_DATA FOR THIS EXERCISE_
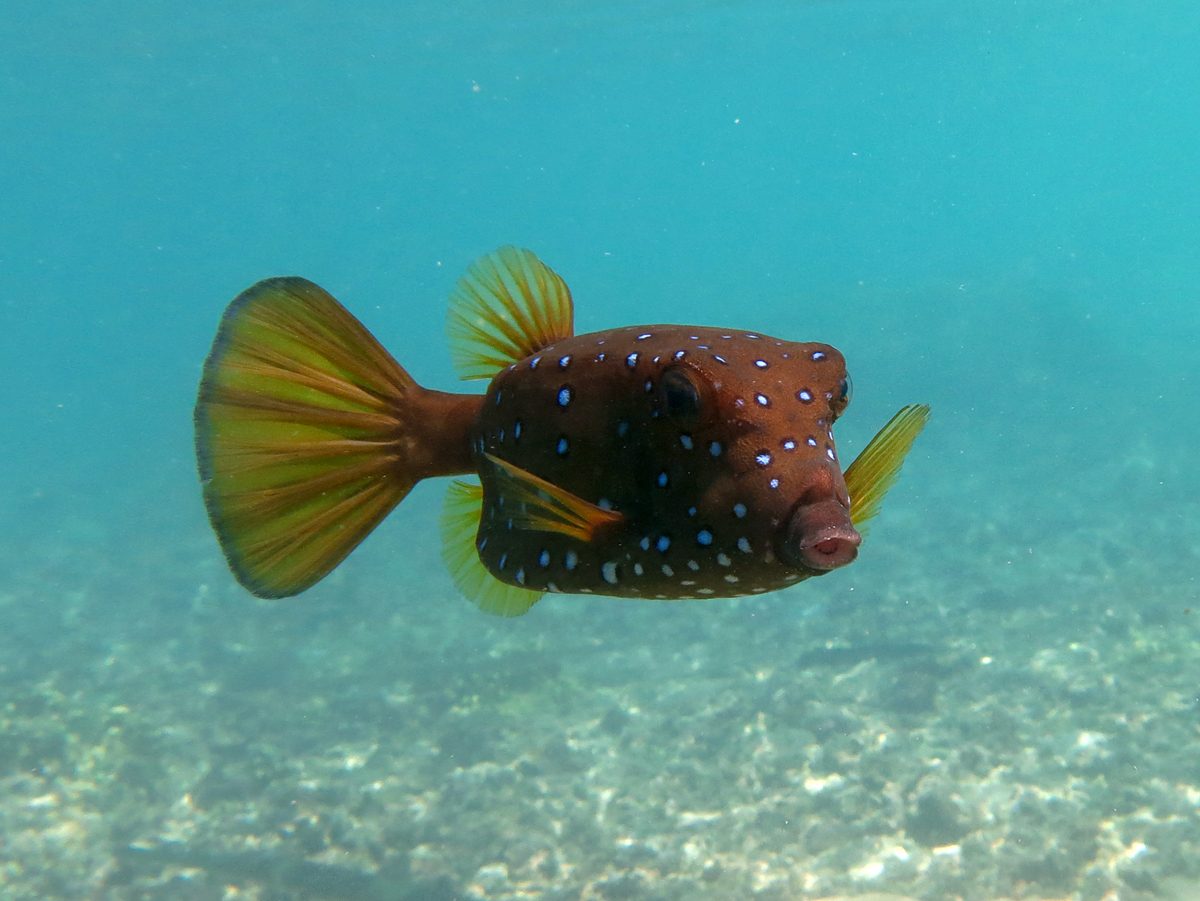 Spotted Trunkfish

---

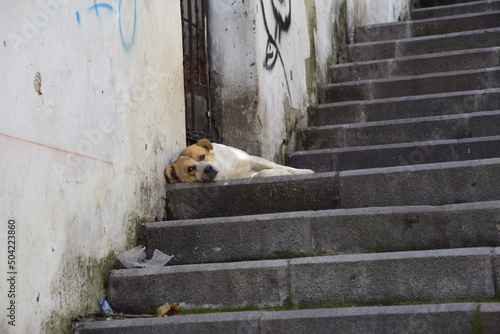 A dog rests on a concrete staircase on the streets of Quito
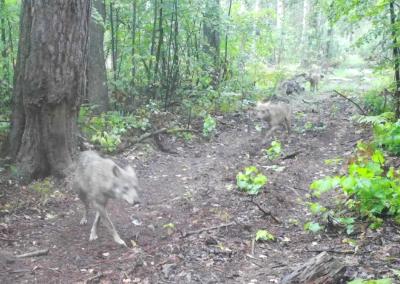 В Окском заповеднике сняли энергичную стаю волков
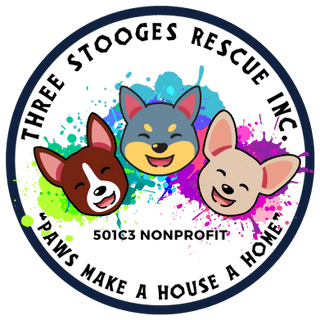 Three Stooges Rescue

_TASK OBJECTIVE_
Your answer must be the exact lines from the records above, from the one containing "В Окском заповеднике" through the one containing "Three Stooges Rescue", both included, with every picture left out.

_RESULT OF THE EXERCISE_
 В Окском заповеднике сняли энергичную стаю волков
 Three Stooges Rescue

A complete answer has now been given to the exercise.